Having won the Asian Cup at the first time of asking, negotiating a series of injury and suspension problems and showcasing his depth of tactical knowhow in the process, the Italian emphatically demonstrated why his employers were prepared to wait so long for the right man to succeed Takeshi Okada after last year’s World Cup.

That search, which lasted two months, tested the patience of many who felt the team was in danger of losing momentum after a second-round finish in South Africa, but the JFA was determined to hire an experienced overseas candidate and did not rest until Zaccheroni put pen to paper.
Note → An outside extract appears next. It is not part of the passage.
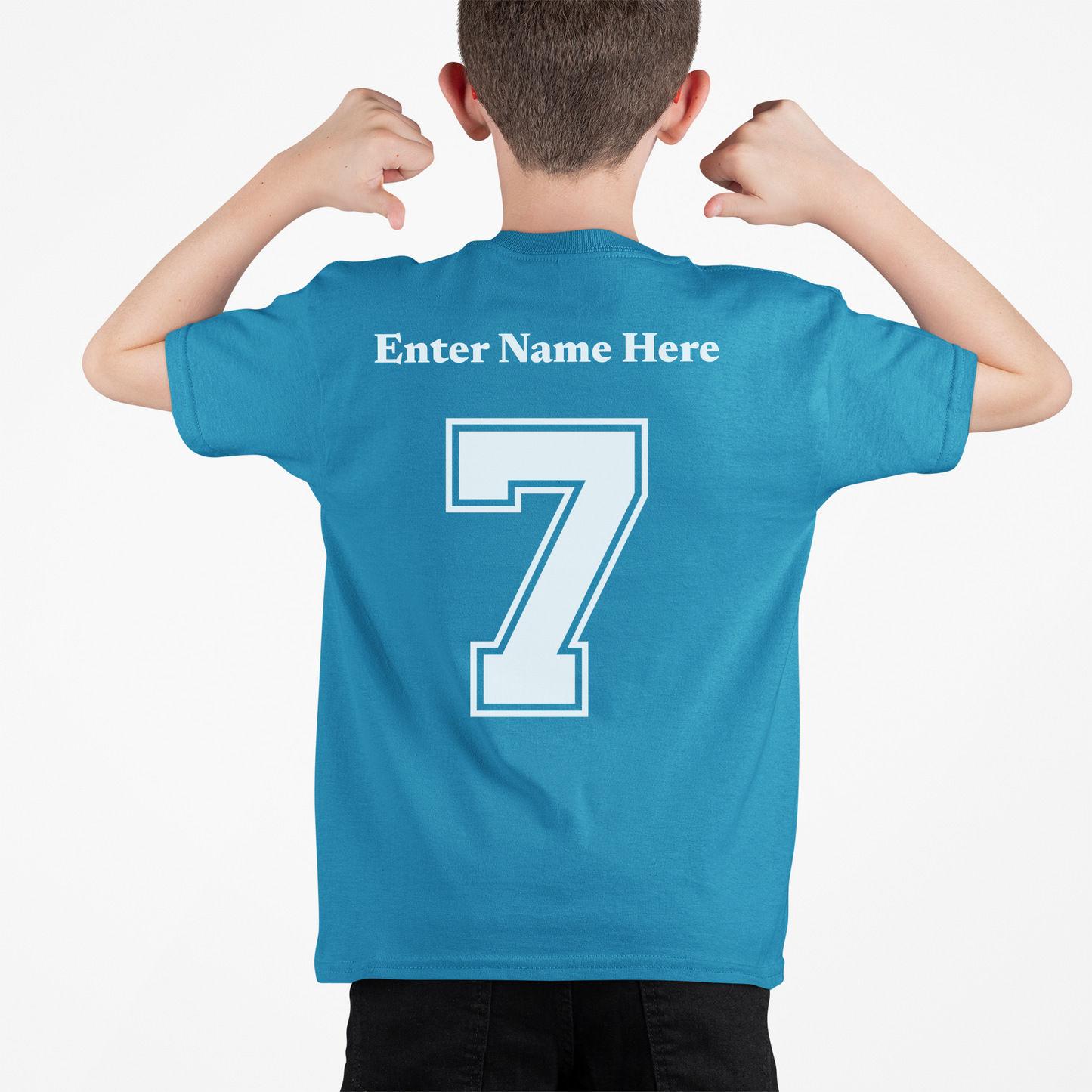 Kids Softstyle Tee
But if the former Milan manager’s appointment was greeted with a general sense of anticlimax amid speculation that more illustrious names were in the frame, no one is doubting him now.

Zaccheroni’s substitution of Daiki Iwamasa for Jungo Fujimoto was widely hailed as the moment the tide turned for Japan in Saturday’s final against Australia, but it was not the only call that paid off. Masahiko Inoha came into the side to score the winner in the quarterfinal against Qatar, Hajime Hosogai came off the bench to put Japan ahead against South Korea in the semifinal, and Tadanari Lee capped it all off with his spectacular volley in the final just 11 minutes after coming on for his second international cap.
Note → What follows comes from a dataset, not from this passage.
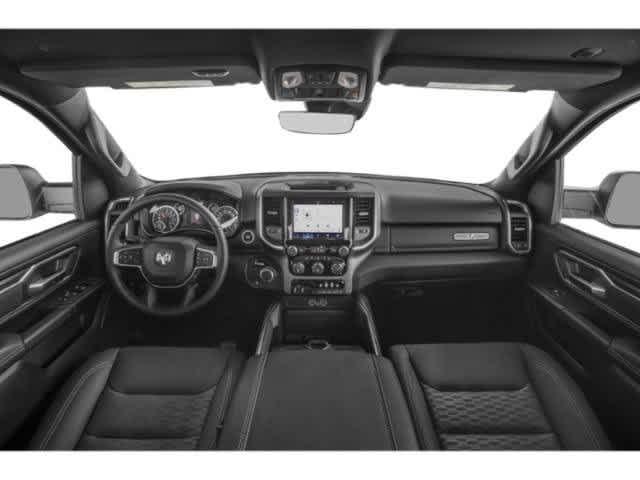new 2025 Ram 1500 car, priced at $49,322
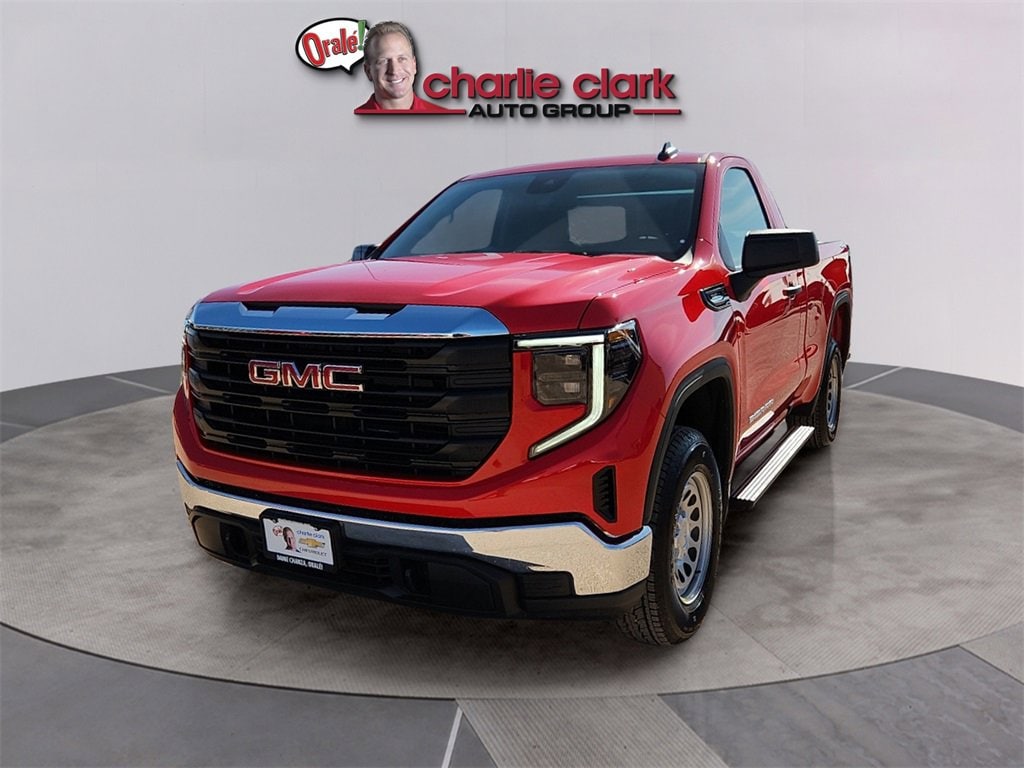 2026 GMC Sierra 1500 Pro's photo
Just as importantly, Zaccheroni kept faith in the core members of his team despite individual mistakes that threatened to derail the campaign. Goalkeeper Eiji Kawashima’s red card against Syria and dreadful error against Qatar were eclipsed by his semifinal and final heroics, while striker Ryoichi Maeda repaid his manager’s faith with three well-taken goals after some anonymous early performances.

That Lee, who looked well out of his depth in his previous appearance against Jordan, scored the winner against Australia said it all about Zaccheroni’s approach. Here is a manager who does not simply preach the importance of the collective unit, but lives or dies by it.

That was crucial given the huge variety of situations Japan faced throughout the competition. From the wild peaks and troughs against Syria and Qatar to the tense war of attrition against Australia, Zaccheroni needed all his years of Serie A experience to steer a safe path to the title.

Of course not everything went according to plan, and the Italian’s decision to sit back and protect his lead against the Koreans backfired when Hwang Jae Won lashed in a last-minute equalizer.

But with an indomitable spirit such as this Japan team possesses, defeat is never a foregone conclusion. In previous years, glorious failure may well have been the outcome from such knife-edge encounters, but the image of Makoto Hasebe lifting the trophy should serve as a permanent reminder that this is a new era.

For Zaccheroni and the JFA, it could not have started any better.